**Data shown**.
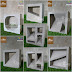 The Return Trend of Breeze Blocks for Architecture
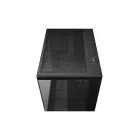 DeepCool CG530 Midi Tower melns — Foto 24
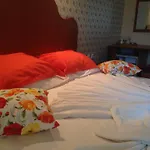 Family Deykin Hotell Slăntjev Brjag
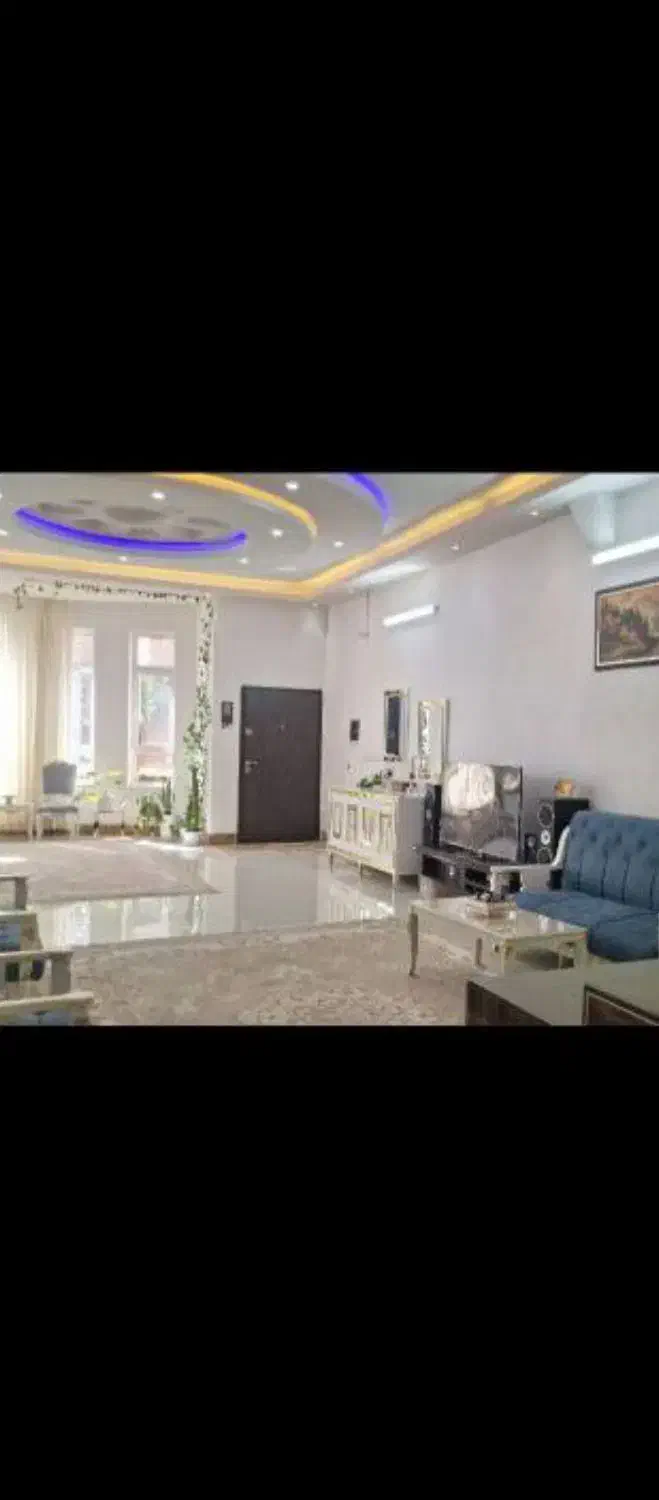 مدرس معاوضه دوبلکس|فروش خانه و ویلا|سبزوار, مدرس|دیوار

**Exercise description**. Copy all of the listing word for word, minus the images.

**Exercise response**.
 The Return Trend of Breeze Blocks for Architecture
 DeepCool CG530 Midi Tower melns — Foto 24
 Family Deykin Hotell Slăntjev Brjag
 مدرس معاوضه دوبلکس|فروش خانه و ویلا|سبزوار, مدرس|دیوار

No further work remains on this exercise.